Il conflitto tra le forze dell’ordine e la popolazione è talmente radicato da essere diventato parte della cultura di quelle zone. Già nel 1995, il film L’odio prende spunto dalla reale uccisione di un ragazzo da parte della polizia per raccontare la vita nelle banlieue di Parigi. La morte di Ramy, insomma, sembra aver acceso una frustrazione e una rabbia collettiva che ha radici molto più profonde del caso di cronaca in sé.

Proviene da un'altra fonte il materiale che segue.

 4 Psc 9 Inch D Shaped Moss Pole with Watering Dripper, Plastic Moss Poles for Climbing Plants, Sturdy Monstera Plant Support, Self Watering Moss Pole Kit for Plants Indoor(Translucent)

E che riguarda l’incapacità delle istituzioni di garantire a tutti coloro che vivono nelle periferie diritti essenziali, eguaglianza economica, prospettive di vita e, in ultima istanza, integrazione sociale.
Non pochi esponenti politici hanno parlato di “effetto banlieue”, “emergenza nazionale” e del rischio – espresso dal presidente di Regione Lombardia Attilio Fontana – di “perdere il controllo su certe parti del nostro territorio”. Il sindaco di Milano Giuseppe Sala non ha commentato la vicenza, nonostante siano ormai passati tre giorni dalla morte di Ramy.